YOUR GOAL:
What you return must match the data below exactly, minus any pictures.

GIVEN DATA:
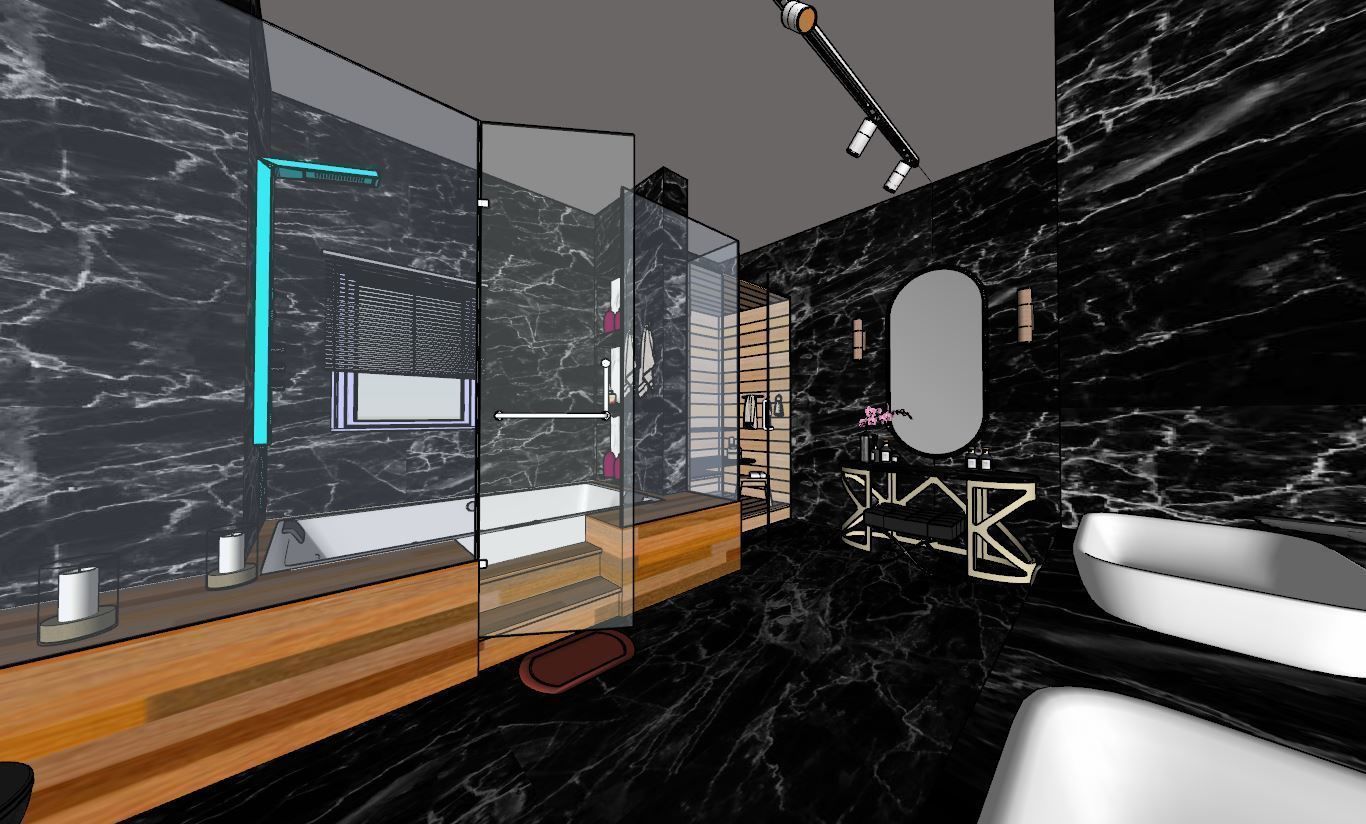 Modern bathroom 3D model_6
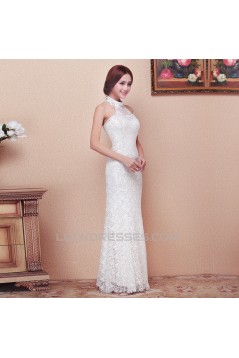 Trumpet/Mermaid Halter Lace Bridal Wedding Dresses WD010515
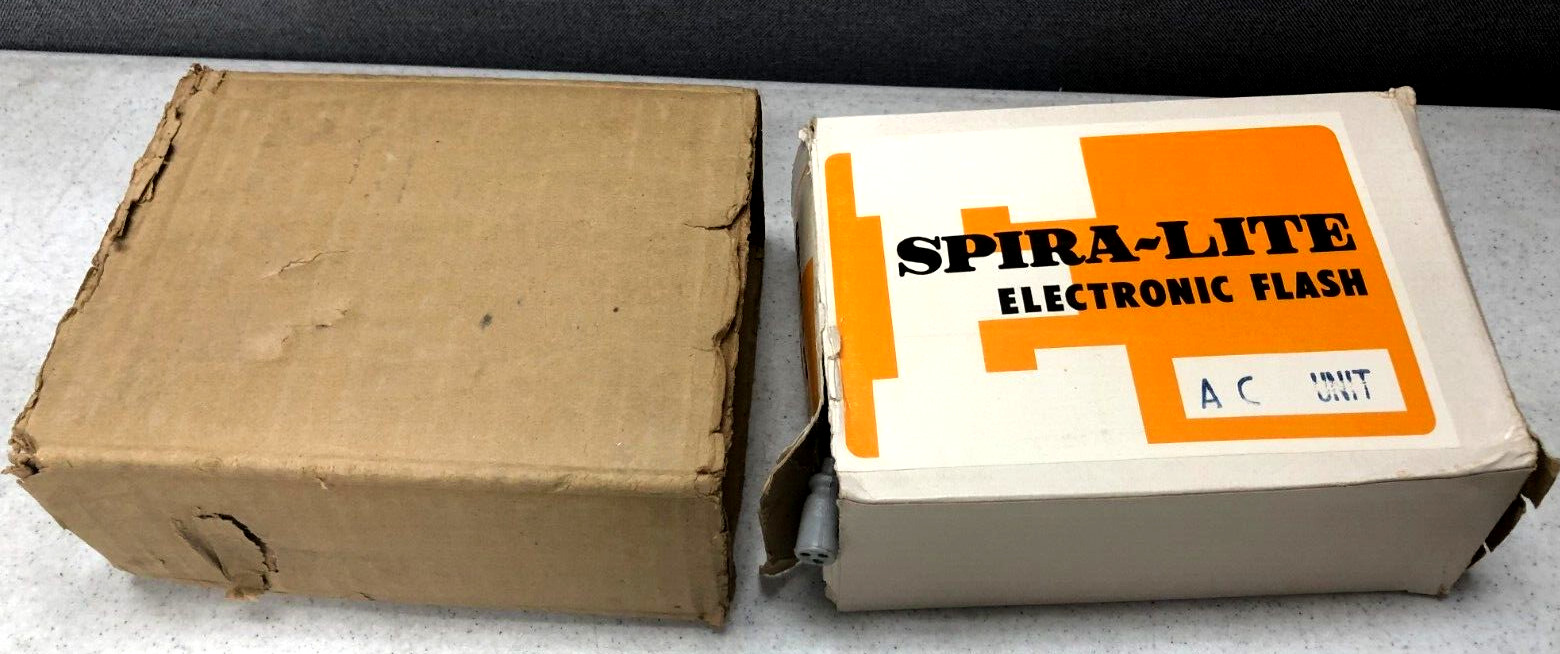 Vtg Spira Lite Electronic Flash only & Instructions no battery pack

SOLUTION TO THE PROBLEM:
 Modern bathroom 3D model_6
 Trumpet/Mermaid Halter Lace Bridal Wedding Dresses WD010515
 Vtg Spira Lite Electronic Flash only & Instructions no battery pack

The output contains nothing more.